YOUR OBJECTIVE. Transcribe the whole listing exactly; the images stay out.

AVAILABLE DATA.
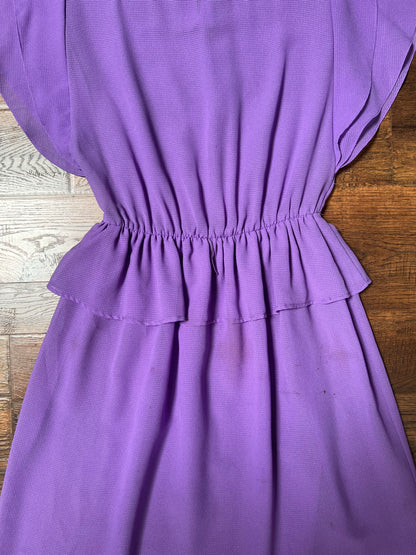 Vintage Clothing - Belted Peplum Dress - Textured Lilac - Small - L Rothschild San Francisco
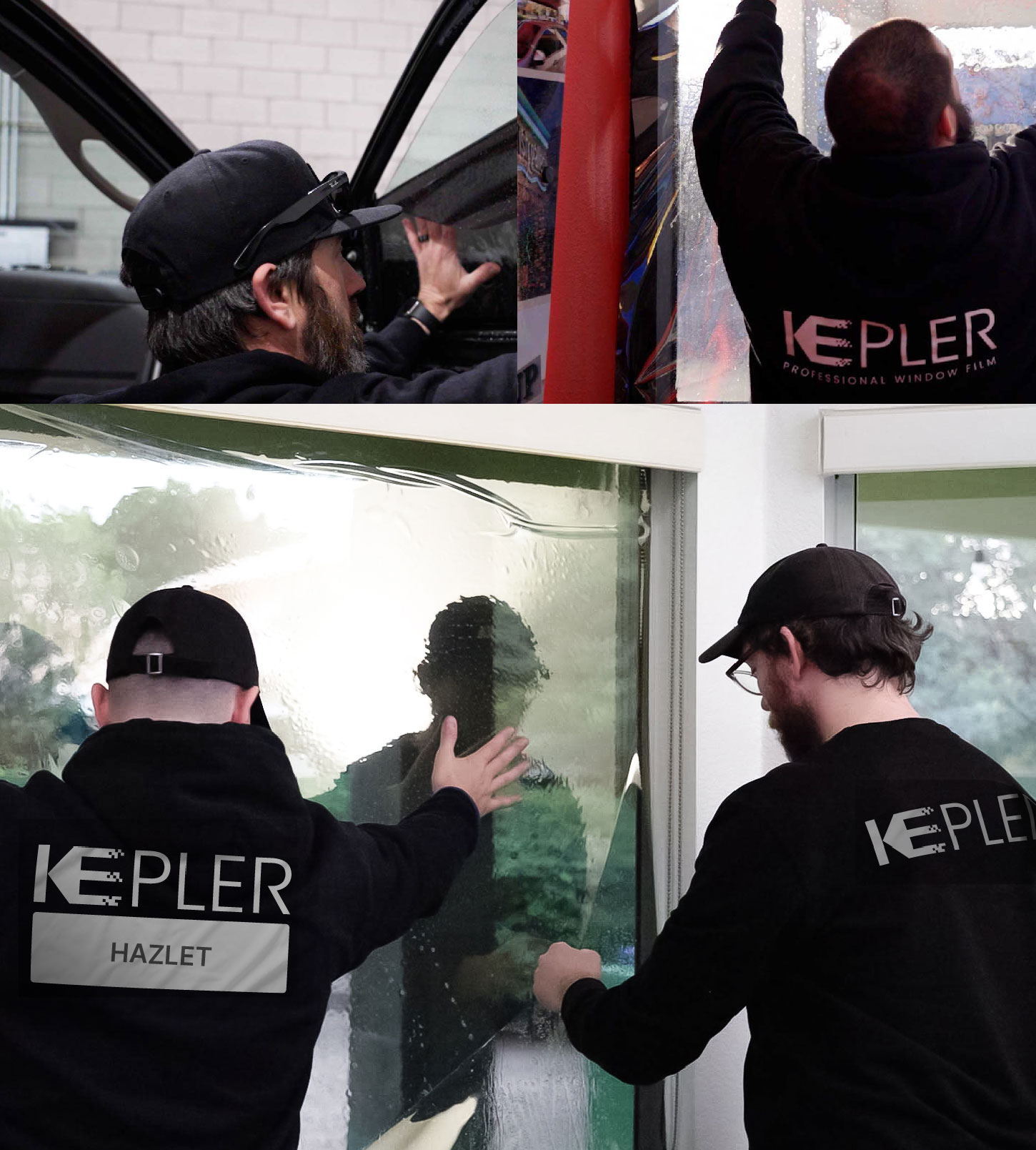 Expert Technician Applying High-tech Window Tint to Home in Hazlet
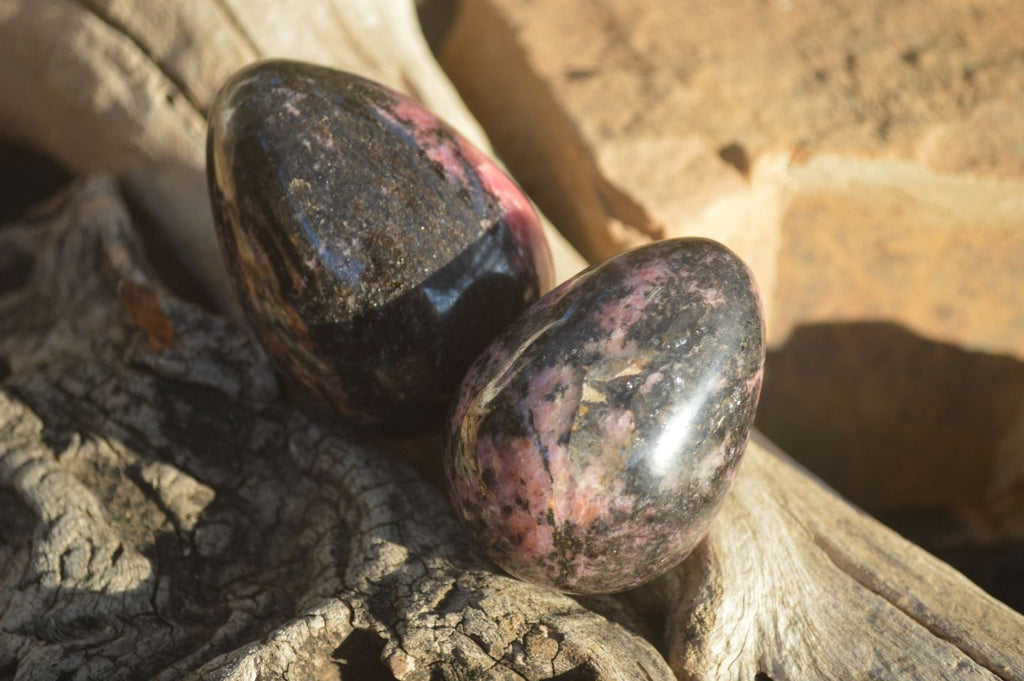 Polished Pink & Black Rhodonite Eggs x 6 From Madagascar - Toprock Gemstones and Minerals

ANSWER BOX.
 Vintage Clothing - Belted Peplum Dress - Textured Lilac - Small - L Rothschild San Francisco
 Expert Technician Applying High-tech Window Tint to Home in Hazlet
 Polished Pink & Black Rhodonite Eggs x 6 From Madagascar - Toprock Gemstones and Minerals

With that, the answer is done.